120 Minutes and a Laptop: Minimalist Image-goal Navigation via Unsupervised Exploration and Offline RL

arXiv cs.RO / 3/30/2026

💬 OpinionSignals & Early TrendsIdeas & Deep AnalysisModels & Research

Key Points

  • The paper proposes MINav, an approach for image-goal visual navigation that avoids reliance on large pretraining datasets and heavy compute by learning from data collected in-house.
  • MINav frames navigation as offline goal-conditioned reinforcement learning, using unsupervised exploration to gather experience and hindsight goal relabeling to improve learning from collected trajectories.
  • The authors report that policies can be collected, trained, and deployed to real-world navigation in under 120 minutes using only a consumer laptop and without human intervention.
  • Experiments in both simulation and real environments indicate improved exploration efficiency, better performance than zero-shot navigation baselines, and favorable scaling with dataset size.
  • Overall, the work aims to reduce barriers to rapid robotic policy prototyping by demonstrating a fast, compute-light pipeline for real-world deployment.

Abstract

The prevailing paradigm for image-goal visual navigation often assumes access to large-scale datasets, substantial pretraining, and significant computational resources.

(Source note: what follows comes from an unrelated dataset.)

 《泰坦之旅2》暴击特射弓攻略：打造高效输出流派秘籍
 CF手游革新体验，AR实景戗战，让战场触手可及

In this work, we challenge this assumption. We show that we can collect a dataset, train an in-domain policy, and deploy it to the real world (1) in less than 120 minutes, (2) on a consumer laptop, (3) without any human intervention. Our method, MINav, formulates image-goal navigation as an offline goal-conditioned reinforcement learning problem, combining unsupervised data collection with hindsight goal relabeling and offline policy learning. Experiments in simulation and the real world show that MINav improves exploration efficiency, outperforms zero-shot navigation baselines in target environments, and scales favorably with dataset size. These results suggest that effective real-world robotic learning can be achieved with high computational efficiency, lowering the barrier to rapid policy prototyping and deployment.